====== Extracted entries
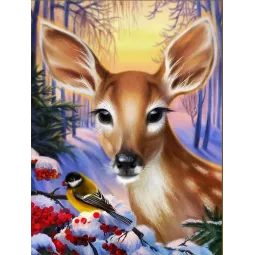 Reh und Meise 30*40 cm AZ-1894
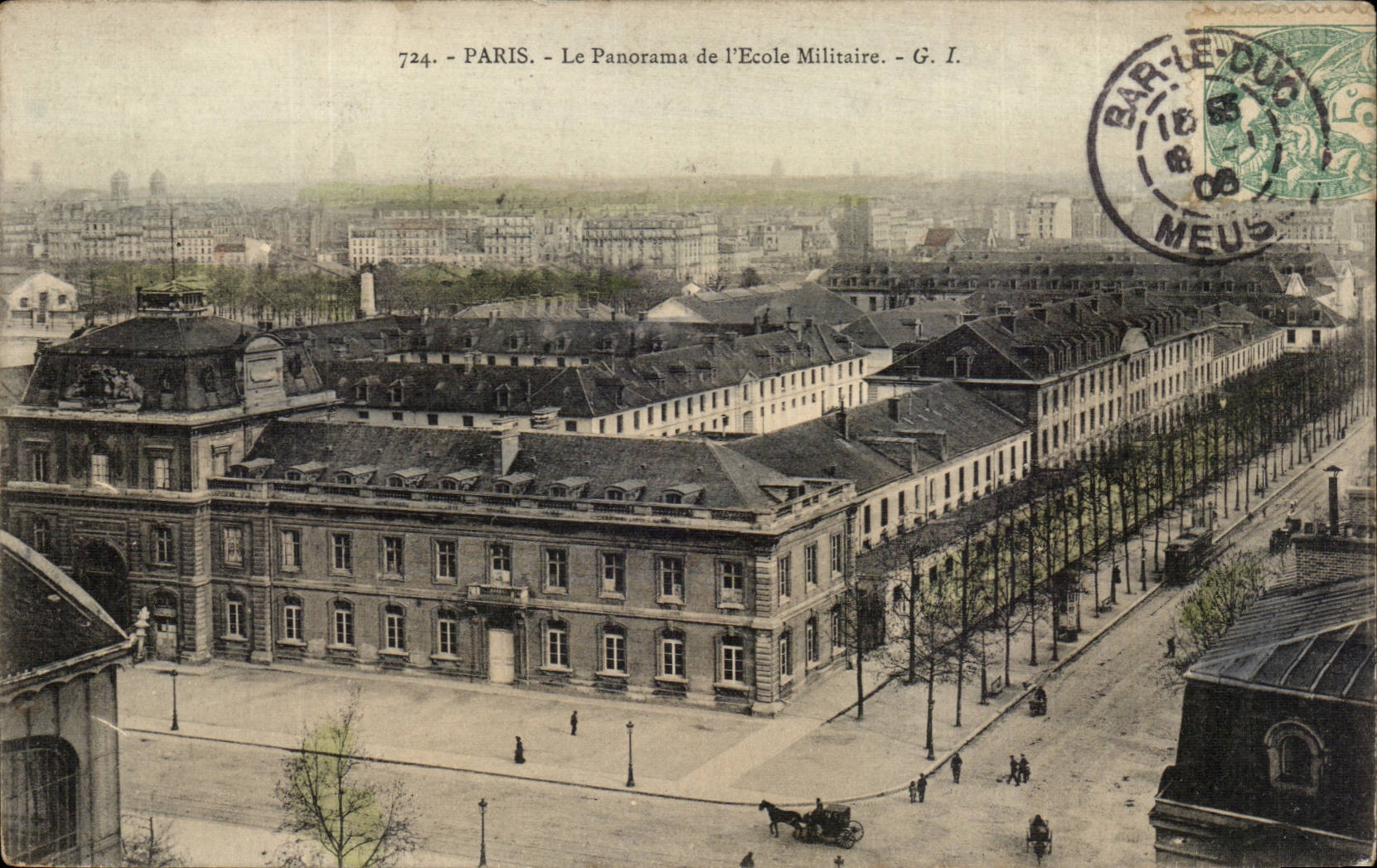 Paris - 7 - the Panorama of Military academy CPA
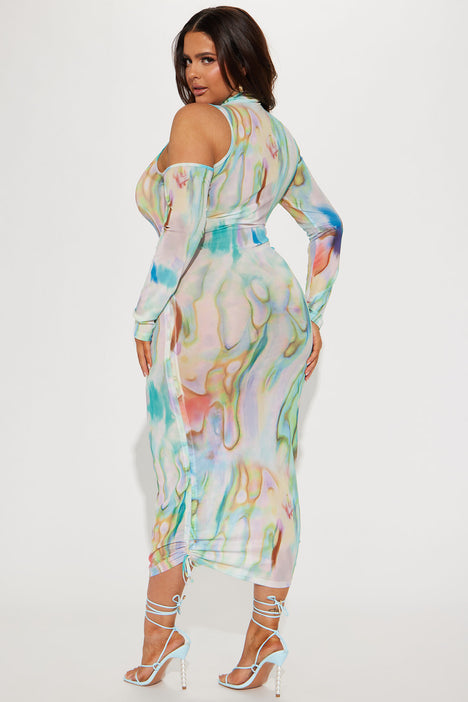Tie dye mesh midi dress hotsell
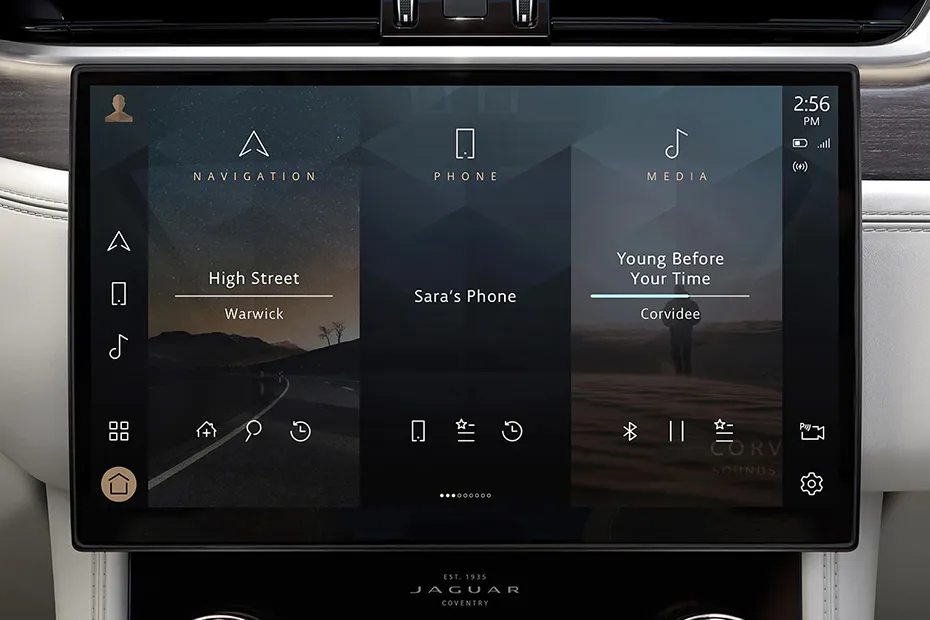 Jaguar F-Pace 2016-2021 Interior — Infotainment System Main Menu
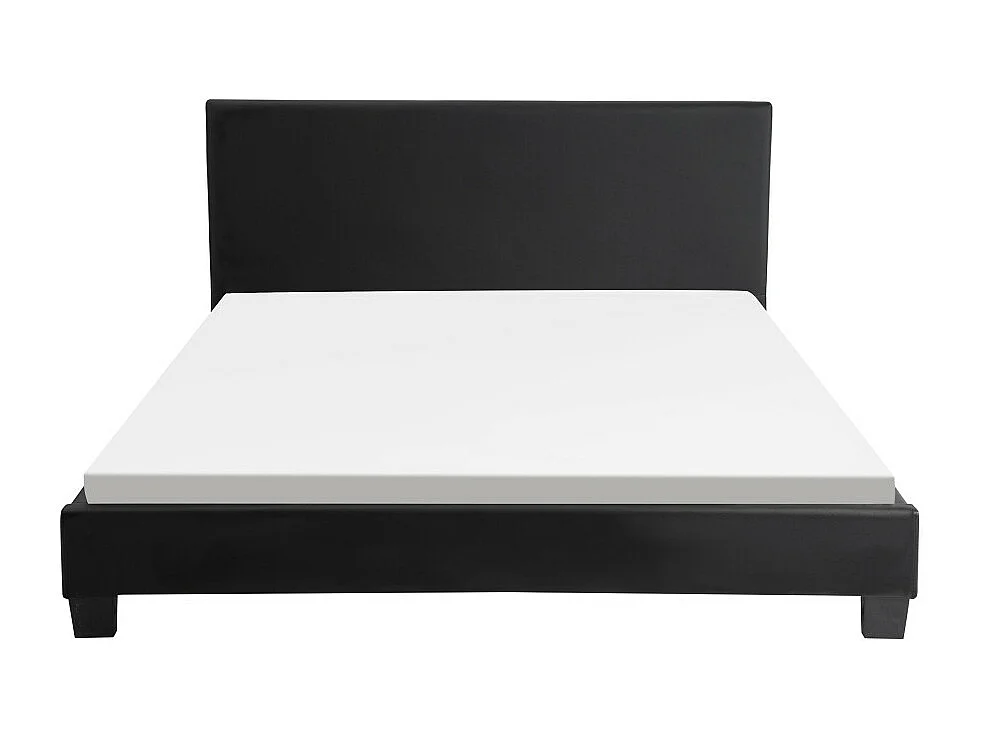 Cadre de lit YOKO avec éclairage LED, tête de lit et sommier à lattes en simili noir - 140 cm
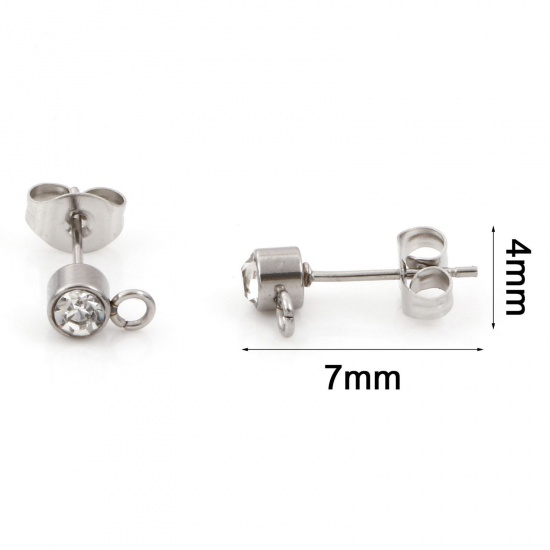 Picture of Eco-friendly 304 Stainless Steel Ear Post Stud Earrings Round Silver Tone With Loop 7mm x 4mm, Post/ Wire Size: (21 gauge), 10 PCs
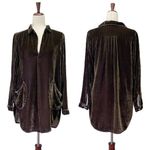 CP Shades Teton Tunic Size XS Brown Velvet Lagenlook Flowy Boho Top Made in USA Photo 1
============
Try it>
Once the images are set aside, retype all of the material above exactly.

Result for this exercise>
 Reh und Meise 30*40 cm AZ-1894
 Paris - 7 - the Panorama of Military academy CPA
Tie dye mesh midi dress hotsell
 Jaguar F-Pace 2016-2021 Interior — Infotainment System Main Menu
 Cadre de lit YOKO avec éclairage LED, tête de lit et sommier à lattes en simili noir - 140 cm
 Picture of Eco-friendly 304 Stainless Steel Ear Post Stud Earrings Round Silver Tone With Loop 7mm x 4mm, Post/ Wire Size: (21 gauge), 10 PCs
 CP Shades Teton Tunic Size XS Brown Velvet Lagenlook Flowy Boho Top Made in USA Photo 1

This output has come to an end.